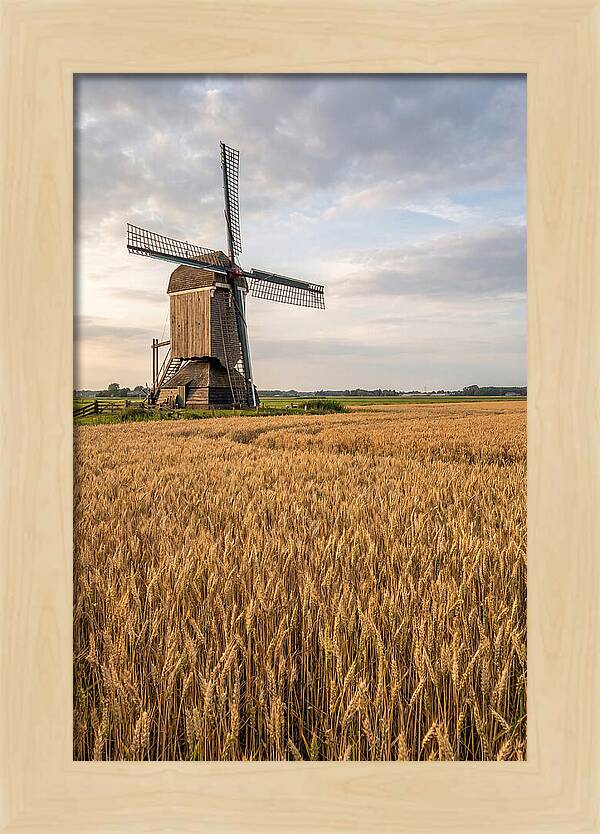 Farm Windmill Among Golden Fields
* * *
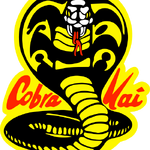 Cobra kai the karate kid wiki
...
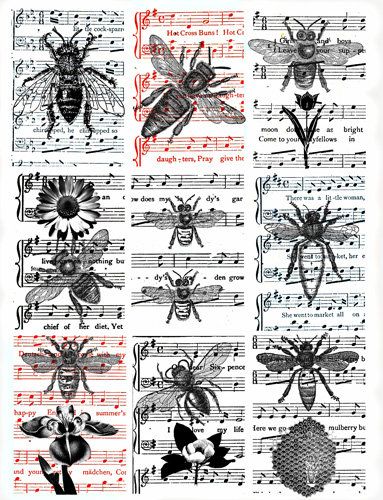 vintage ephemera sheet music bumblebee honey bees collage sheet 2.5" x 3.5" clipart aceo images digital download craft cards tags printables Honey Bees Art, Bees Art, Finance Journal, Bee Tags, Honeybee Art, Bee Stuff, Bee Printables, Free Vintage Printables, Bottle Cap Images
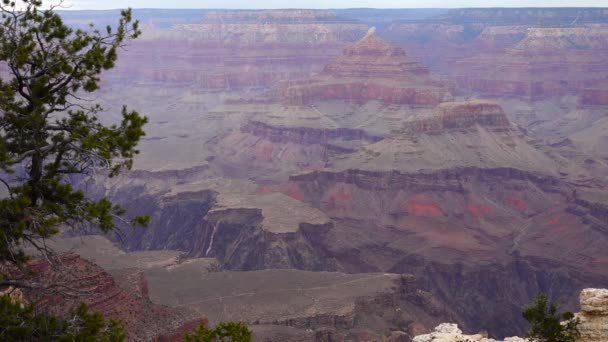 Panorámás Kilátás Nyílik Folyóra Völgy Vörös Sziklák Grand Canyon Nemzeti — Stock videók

§ PROBLEM DESCRIPTION
Copy out the lines above from the line containing "vintage ephemera sheet" through the line containing "Panorámás Kilátás Nyílik", exactly, and keep the pictures out.

§ SOLUTION TO THE PROBLEM
 vintage ephemera sheet music bumblebee honey bees collage sheet 2.5" x 3.5" clipart aceo images digital download craft cards tags printables Honey Bees Art, Bees Art, Finance Journal, Bee Tags, Honeybee Art, Bee Stuff, Bee Printables, Free Vintage Printables, Bottle Cap Images
 Panorámás Kilátás Nyílik Folyóra Völgy Vörös Sziklák Grand Canyon Nemzeti — Stock videók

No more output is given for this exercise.